Abstimmung gestartet: „Deutschlands beste Pflegeprofis“ wählen!

Pflegekraft in blauer Uniform unterstützt zwei ältere Patientinnen im Pflegeheim

Einleitung

Berlin, 2. Juni 2025 – Der Verband der Privaten Krankenversicherung e.V. verzeichnet einen neuen Rekord: Über 3.100 Nominierungen für den diesjährigen Pflege-Wettbewerb stromen aus dem ganzen Bundesgebiet. Mit dieser Initiative werden die herausragenden Leistungen von Pflegekräften und -teams gewürdigt, die sich täglich unermüdlich für Patienten und Pflegebedürftige einsetzen. Ab sofort können Interessierte auf pflegeprofis.de ihre Stimme für die Landesiegerinnen und -sieger abgeben – eine Gelegenheit, den ohne Zweifel wichtigen Beitrag der Pflegeprofessionals in unserer Gesellschaft sichtbar zu machen.

Inhaltsverzeichnis

Bremen (VBR). Dieser ausführliche Beitrag ist Teil unseres täglichen VerbandsMonitor und beruht auf offiziellen Pressemitteilungen, die über das Presseportal von news aktuell veröffentlicht wurden.
Sie möchten Ihre Pressemitteilung ebenfalls bei uns platzieren? Dann nehmen Sie gerne Kontakt mit uns auf – wir freuen uns über relevante Einsendungen.

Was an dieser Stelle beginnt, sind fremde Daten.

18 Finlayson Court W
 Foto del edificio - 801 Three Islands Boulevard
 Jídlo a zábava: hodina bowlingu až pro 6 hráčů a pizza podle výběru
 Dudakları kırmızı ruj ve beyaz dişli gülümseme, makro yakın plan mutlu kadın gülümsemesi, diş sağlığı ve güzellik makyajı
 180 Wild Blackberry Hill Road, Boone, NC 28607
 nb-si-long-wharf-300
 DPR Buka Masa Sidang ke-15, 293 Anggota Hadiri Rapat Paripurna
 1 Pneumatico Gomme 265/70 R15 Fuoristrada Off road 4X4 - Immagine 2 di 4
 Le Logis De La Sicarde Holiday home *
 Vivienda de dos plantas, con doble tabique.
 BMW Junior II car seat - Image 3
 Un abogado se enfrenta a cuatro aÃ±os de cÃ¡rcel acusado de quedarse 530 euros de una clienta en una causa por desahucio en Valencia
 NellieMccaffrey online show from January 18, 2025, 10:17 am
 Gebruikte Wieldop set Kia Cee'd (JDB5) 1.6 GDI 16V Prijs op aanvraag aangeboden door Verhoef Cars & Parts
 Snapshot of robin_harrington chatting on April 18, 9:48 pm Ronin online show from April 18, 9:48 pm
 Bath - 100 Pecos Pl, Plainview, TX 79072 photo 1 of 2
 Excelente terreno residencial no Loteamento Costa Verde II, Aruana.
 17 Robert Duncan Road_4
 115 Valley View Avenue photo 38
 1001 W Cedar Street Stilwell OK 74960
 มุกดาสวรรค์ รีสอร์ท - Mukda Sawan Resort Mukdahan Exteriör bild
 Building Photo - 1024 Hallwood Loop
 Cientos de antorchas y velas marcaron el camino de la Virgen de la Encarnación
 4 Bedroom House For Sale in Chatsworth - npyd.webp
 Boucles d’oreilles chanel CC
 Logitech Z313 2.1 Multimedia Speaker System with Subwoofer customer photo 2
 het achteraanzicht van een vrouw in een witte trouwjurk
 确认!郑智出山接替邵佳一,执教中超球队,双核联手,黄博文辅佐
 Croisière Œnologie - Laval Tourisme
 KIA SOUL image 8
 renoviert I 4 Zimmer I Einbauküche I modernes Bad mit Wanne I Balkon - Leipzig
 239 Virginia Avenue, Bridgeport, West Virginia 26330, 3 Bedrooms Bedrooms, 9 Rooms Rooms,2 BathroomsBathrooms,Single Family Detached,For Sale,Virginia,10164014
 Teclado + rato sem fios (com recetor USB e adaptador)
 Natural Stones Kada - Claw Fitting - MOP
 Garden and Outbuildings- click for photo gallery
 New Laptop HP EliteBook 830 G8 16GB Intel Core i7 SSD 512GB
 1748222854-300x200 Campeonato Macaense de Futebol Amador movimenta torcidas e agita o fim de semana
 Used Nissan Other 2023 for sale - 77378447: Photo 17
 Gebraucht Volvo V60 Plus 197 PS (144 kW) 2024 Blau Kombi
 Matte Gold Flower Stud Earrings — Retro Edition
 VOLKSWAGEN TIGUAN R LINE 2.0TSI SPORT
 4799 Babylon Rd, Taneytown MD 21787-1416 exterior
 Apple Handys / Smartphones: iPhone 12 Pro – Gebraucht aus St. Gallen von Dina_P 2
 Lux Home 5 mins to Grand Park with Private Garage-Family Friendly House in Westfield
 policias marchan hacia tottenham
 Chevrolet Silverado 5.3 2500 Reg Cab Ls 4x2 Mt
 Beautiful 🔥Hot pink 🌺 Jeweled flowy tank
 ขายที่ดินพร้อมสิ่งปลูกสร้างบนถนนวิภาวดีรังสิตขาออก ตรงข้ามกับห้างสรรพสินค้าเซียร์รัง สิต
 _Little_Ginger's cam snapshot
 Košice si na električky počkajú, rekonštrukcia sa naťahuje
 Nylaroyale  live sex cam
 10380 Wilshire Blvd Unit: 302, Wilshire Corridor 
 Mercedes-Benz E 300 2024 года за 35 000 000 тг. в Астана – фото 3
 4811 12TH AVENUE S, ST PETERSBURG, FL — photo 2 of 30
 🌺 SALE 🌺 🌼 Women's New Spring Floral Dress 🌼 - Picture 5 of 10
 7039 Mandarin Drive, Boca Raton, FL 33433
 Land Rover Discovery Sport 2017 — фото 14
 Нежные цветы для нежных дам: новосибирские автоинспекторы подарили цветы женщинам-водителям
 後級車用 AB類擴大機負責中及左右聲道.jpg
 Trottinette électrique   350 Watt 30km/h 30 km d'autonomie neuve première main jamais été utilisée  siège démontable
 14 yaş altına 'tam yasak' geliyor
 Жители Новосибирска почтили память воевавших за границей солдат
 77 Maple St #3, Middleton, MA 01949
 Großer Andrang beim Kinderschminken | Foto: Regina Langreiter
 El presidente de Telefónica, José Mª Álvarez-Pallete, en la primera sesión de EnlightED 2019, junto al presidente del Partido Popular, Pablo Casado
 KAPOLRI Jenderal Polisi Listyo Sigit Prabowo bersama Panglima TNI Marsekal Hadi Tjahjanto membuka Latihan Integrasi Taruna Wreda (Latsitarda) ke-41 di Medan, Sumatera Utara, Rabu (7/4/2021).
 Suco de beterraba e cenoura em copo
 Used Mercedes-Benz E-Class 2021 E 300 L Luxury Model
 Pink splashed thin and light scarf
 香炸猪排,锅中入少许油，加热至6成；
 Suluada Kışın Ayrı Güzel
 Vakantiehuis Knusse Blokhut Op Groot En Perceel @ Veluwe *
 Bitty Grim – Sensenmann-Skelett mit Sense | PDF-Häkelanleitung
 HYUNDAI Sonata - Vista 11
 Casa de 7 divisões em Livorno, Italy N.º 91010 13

Mit einer Rekordzahl von etwa 3.100 Nominierungen aus ganz Deutschland hat der Verband der Privaten Krankenversicherung (PKV) den diesjährigen Pflege-Wettbewerb ins Leben gerufen, um die herausragenden Leistungen von Pflegekräften zu würdigen. Der Wettbewerb bietet eine Plattform, auf der die Eigenschaften und die Hingabe der Pflegeprofis gewürdigt werden, die im Gesundheitswesen unverzichtbar sind.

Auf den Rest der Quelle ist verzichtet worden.